Poppies in July
七月的虞美人
Little poppies, little hell flames,
小小虞美人,小小的地狱火焰,
Do you do no harm?
你不会伤人吧?
You flicker. I cannot touch you.
你闪烁。我不会碰你。
I put my hands among the flames. Nothing burns.
我将双手放在这些火焰中。

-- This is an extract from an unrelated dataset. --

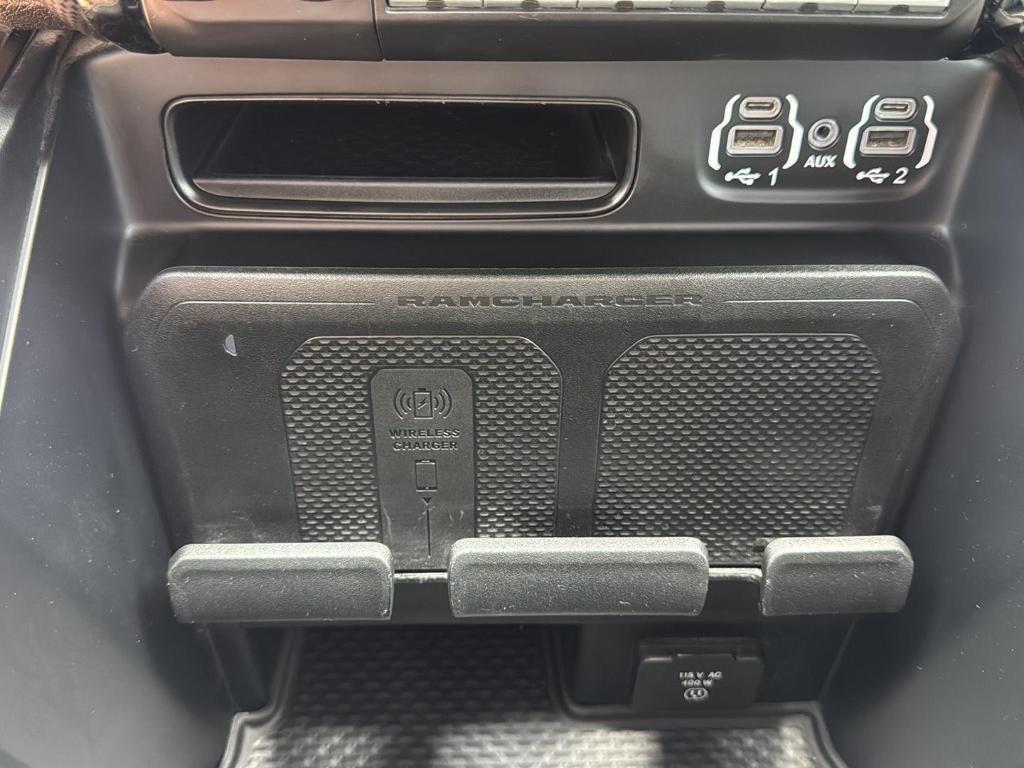 used 2023 Ram 3500 car, priced at $81,986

没有烧伤。
And it exhausts me to watch you
看着你,让我精疲力竭
Flickering like that, wrinkly and clear red, like the skin of a mouth.
看着你闪烁,鲜红又起皱,仿佛嘴上的皮。
A mouth just bloodied.
刚流血的一张嘴。
Little bloody skirts!
小小的血红衬裙。
There are fumes that I cannot touch.
我不能碰那些烟雾。
Where are your opiates, your nauseous capsules?
你的麻醉品、那些讨厌的胶囊在哪里?
If I could bleed, or sleep!——
但愿我会流血,或睡眠!——
If my mouth could marry a hurt like that!
但愿我的嘴与那样的伤口结合!
Or your liquors seep to me, in this glass capsule,
或许你的烈性酒渗漏给我,用这个玻璃胶囊,
Dulling and stilling.
变得呆滞,死气沉沉。
But colorless. Colorless.
但没有颜色。没有颜色。
(1962/07/20. p.203. No. 170)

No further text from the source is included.